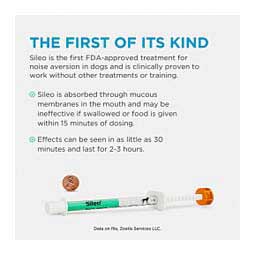 Sileo Gel for Dogs 3 ml - Item # 1735RX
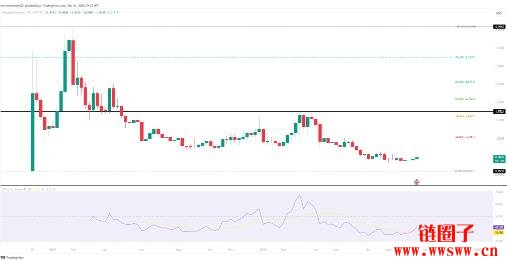 Hooked Protocol (HOOK币) 2025-2030 年价格预测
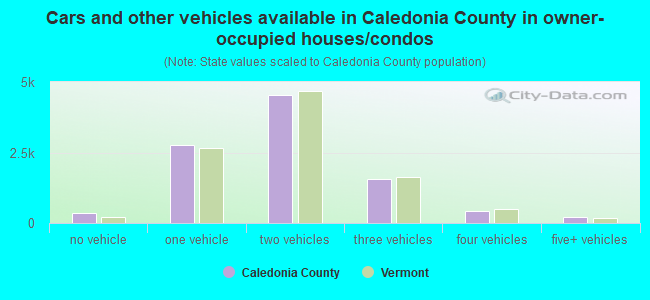 Cars and other vehicles available in Caledonia County in owner-occupied houses/condos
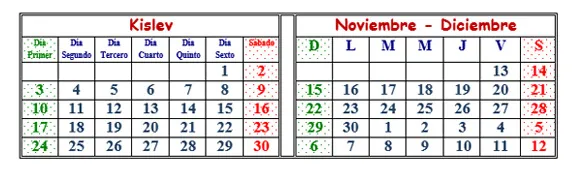Noveno mes, 2015
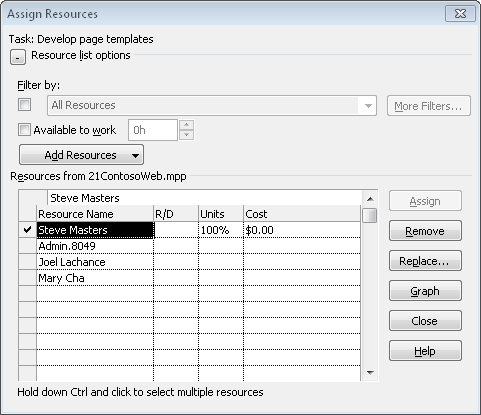 Assign resources to tasks by using the Assign Resources dialog box in Project 2010.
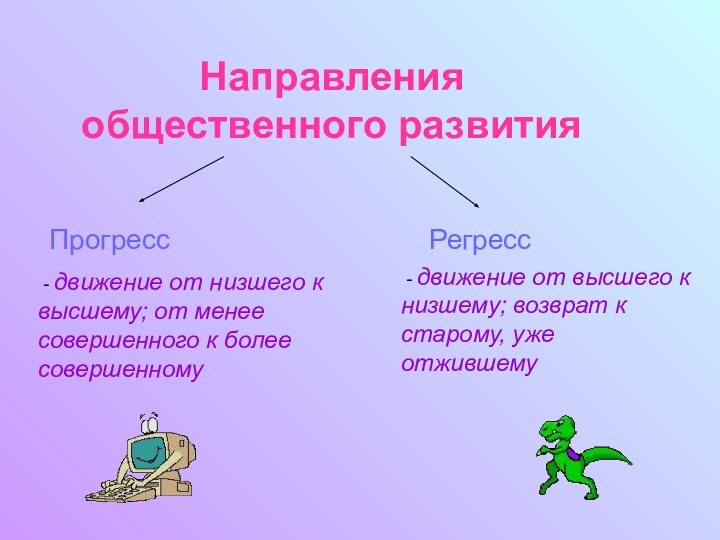 Направления общественного развитияПрогрессРегресс - движение от низшего к высшему; от менее совершенного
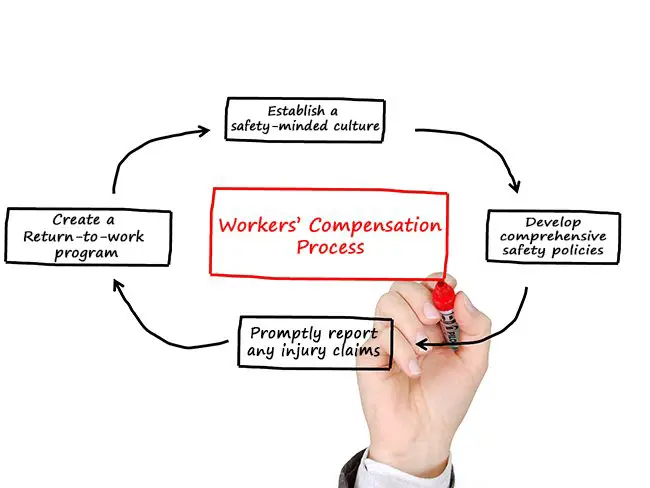 Creating a Workersâ Compensation Process â Scurich ...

==================================================

Exercise prompt. Your task is to reproduce exactly the lines from the one with "Hooked Protocol (HOOK币) 2025-2030 年价格预测" to the end of the material, both included, with the pictures left out.

Answer for the task.
 Hooked Protocol (HOOK币) 2025-2030 年价格预测
 Cars and other vehicles available in Caledonia County in owner-occupied houses/condos
Noveno mes, 2015
 Assign resources to tasks by using the Assign Resources dialog box in Project 2010.
 Направления общественного развитияПрогрессРегресс - движение от низшего к высшему; от менее совершенного
 Creating a Workersâ Compensation Process â Scurich ...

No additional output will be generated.